W OSiR Wawer ze specjalnie dedykowanych dla nich zajęć mogą skorzystać kobiety w ciąży,  jednak tylko o godz. 10:30 i 13:30 – przyszłe mamy pracujące w ciągu dnia niestety nie mają możliwości uczestniczenia w ćwiczeniach. Być może wynika to z braku zapotrzebowania na tego typu zajęcia popołudniu lub w weekend. Seniorzy również znajdą zajęcia dla siebie. Ze zdjęć umieszczanych na fanpage’u wynika, że zajęcia Aktywny Senior cieszą się powodzeniem.

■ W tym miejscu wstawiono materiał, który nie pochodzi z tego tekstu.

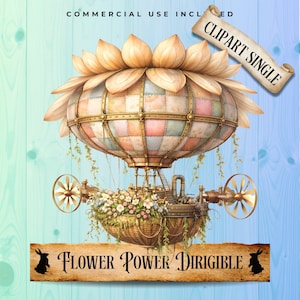 Imágenes prediseñadas de dirigible Flower Power, dirigible Cottagecore Patchwork, estilo Steampunk Floral, PNG de alta resolución (descarga digital)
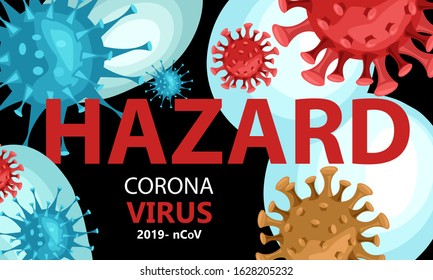 Vector stock illustration with coronavirus images and abstract shapes. Illustration for blog posts, news, articles about 2019-nCoV virus spreading worldwide from Chinese city Wuhan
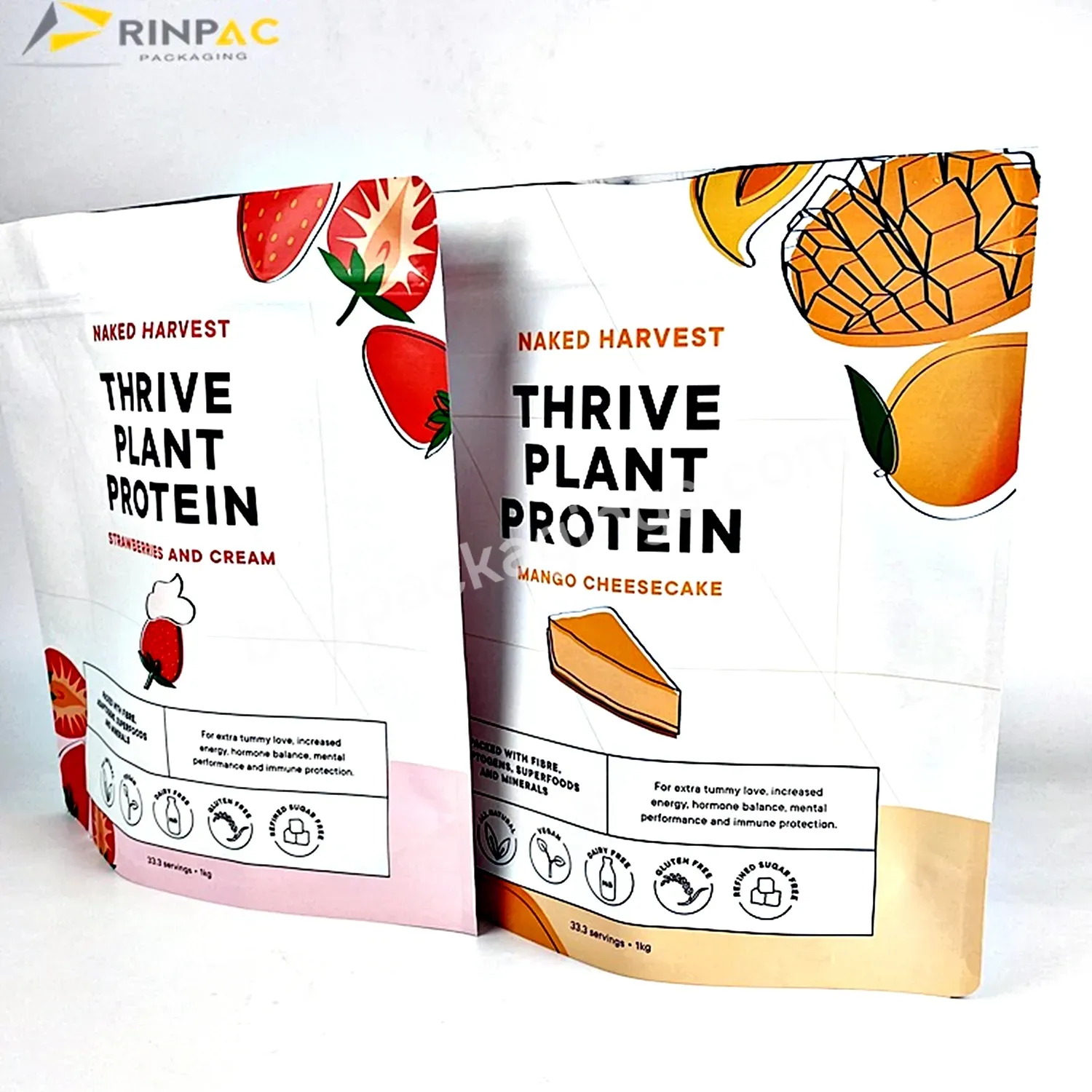 Custom Big Bags Protein Resealable 1kg Coffee Milk Whey Protein Powder Container Packaging Plastic Mylar Pouch Bags With Zipper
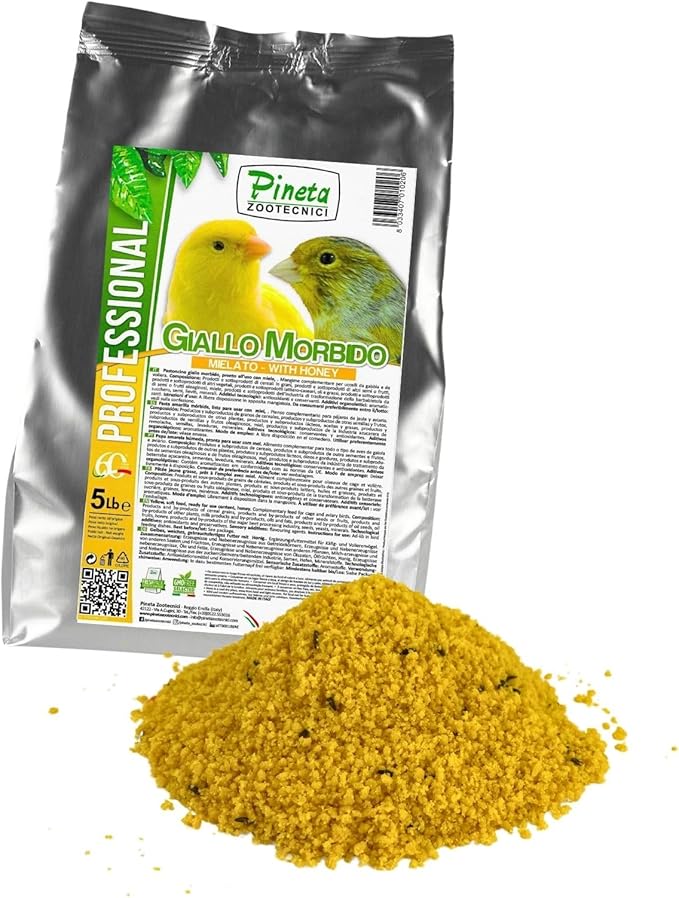 Giallo Morbido with Honey Rich in Fats, Minerals and Proteins, Bird Food, Canary Food, Pet Accessories, Bird Breeding, Bird Egg Food, Comida para Canarios, Birds Seed , Pet Bird Food, Parakeet (5lb)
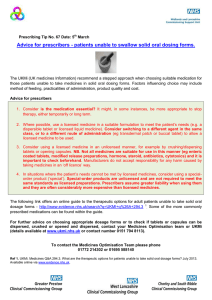 Advice for prescribers - patients unable to swallow solid oral dosing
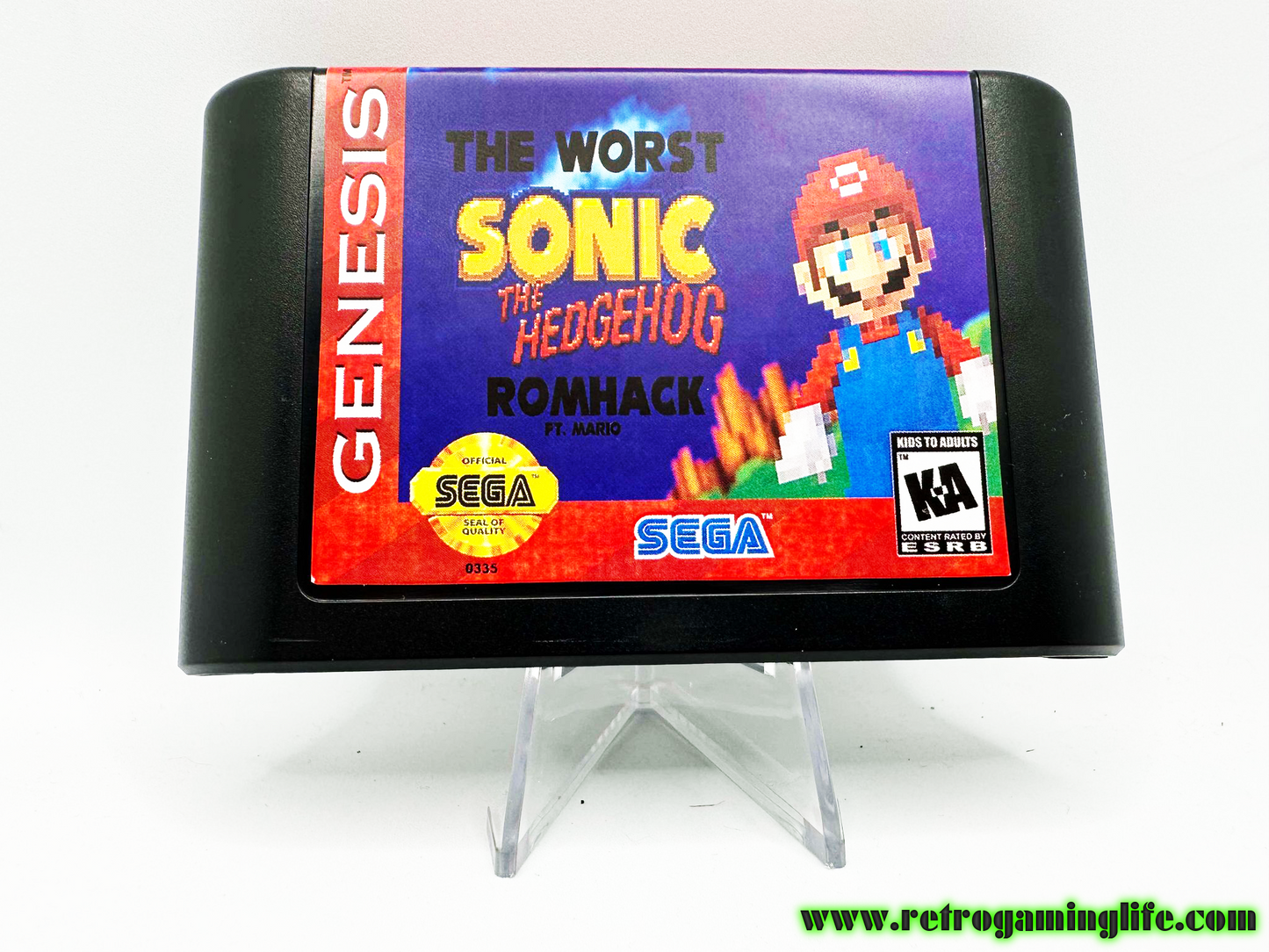 The Worst Sonic the Hedgehog Rom Hack Video Game Reproduction Game Cart Sega Genesis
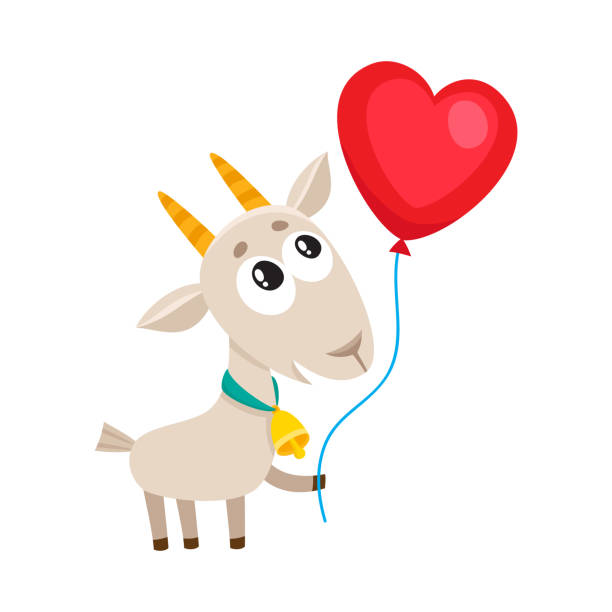 ilustraciones, imágenes clip art, dibujos animados e iconos de stock de linda y graciosa cabra con corazón rojo en forma de globo - balloon isolated celebration large
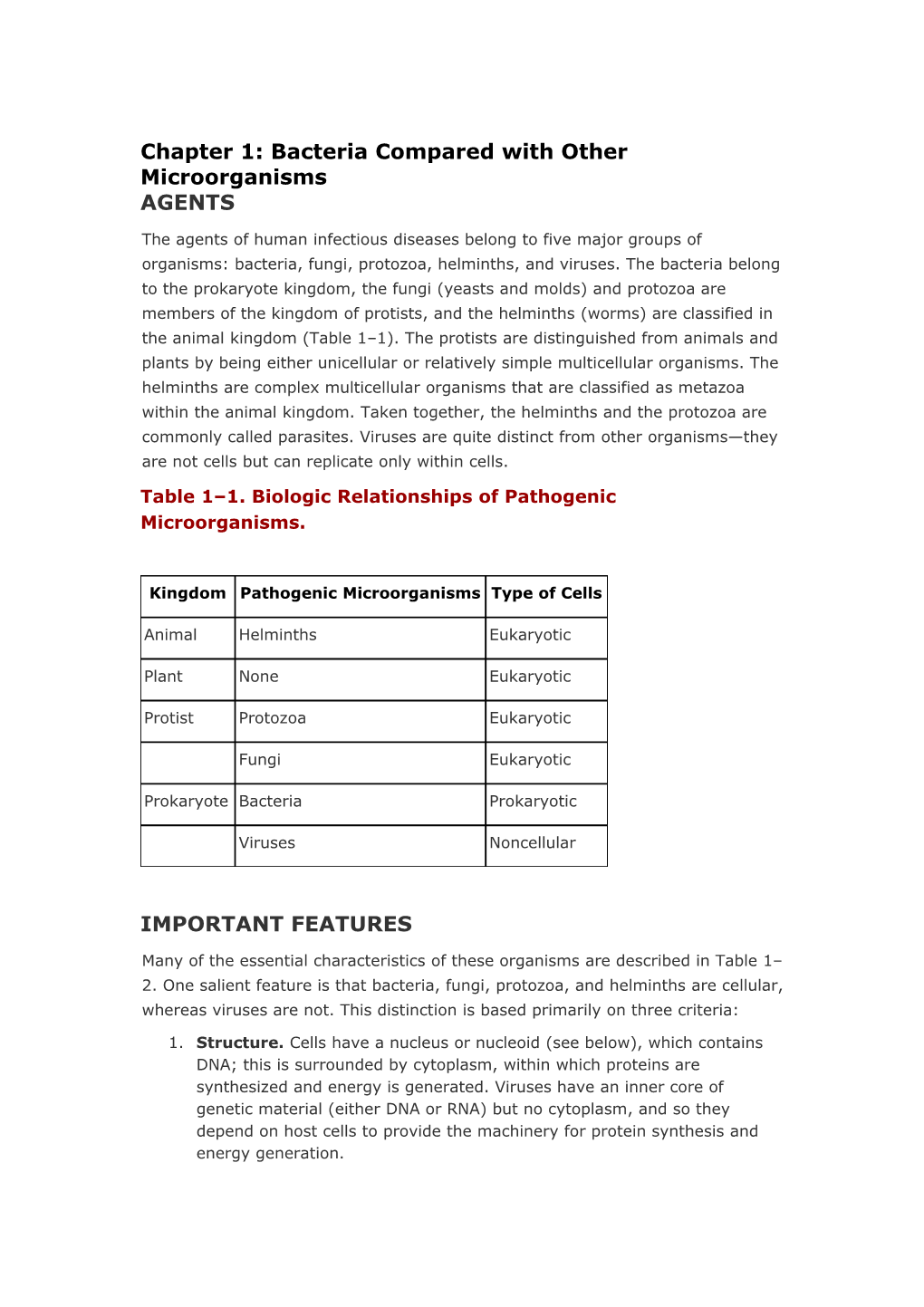 Chapter 1: Bacteria Compared with Other Microorganisms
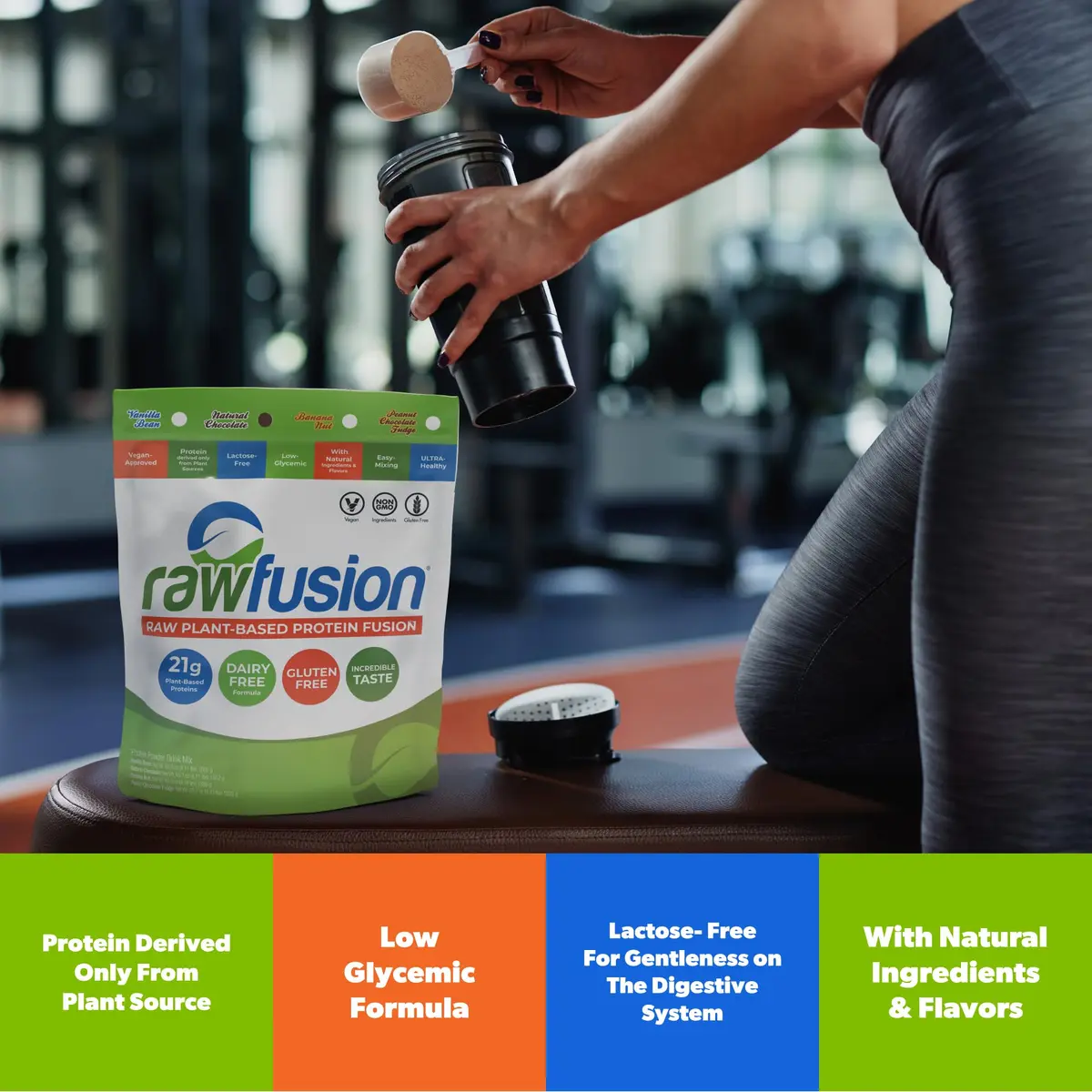 SAN Rawfusion 4.1 Pound Plant Based Protein Powder Natural Chocolate | 21g Vegan, Low Net Carbs, Gluten-Free, Lactose-Free, Soy-Free, Non-GMO - view 4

Niezaprzeczalną zaletą sali fitness w Calypso jest przestronność, podczas gdy rozmiary sali w OSiR Wawer są skromne – na plakatach reklamujących to miejsce siłownia określana jest mianem „kameralna”. Jeśli chodzi o ceny to karnet open w OSiR Wawer, umożliwiający korzystanie z siłowni i ze wszystkich rodzajów zajęć fitness (ważny 30 dni od dnia zakupu), kosztuje 130,00 PLN. W przypadku Calypso jest to trochę bardziej skomplikowane, gdyż konieczne jest podpisanie umowy z klubem na czas nieokreślony – wtedy miesięczny karnet open kosztuje 135,00 PLN, lub na okres 12 miesięcy – wtedy miesięczny karnet open kosztuje 109,00 PLN. Dodatkowo w Calypso musimy ponieść jednorazową opłatę administracyjną w wysokości 100,00 PLN. Ja mam to szczęście, że korzystam z popularnej wśród korporacyjnych pracowników karty pozwalającej na nielimitowany wstęp do większości klubów fitness, gdyby nie ten szczegół musiałabym się głęboko zastanowić nad wyborem klubu.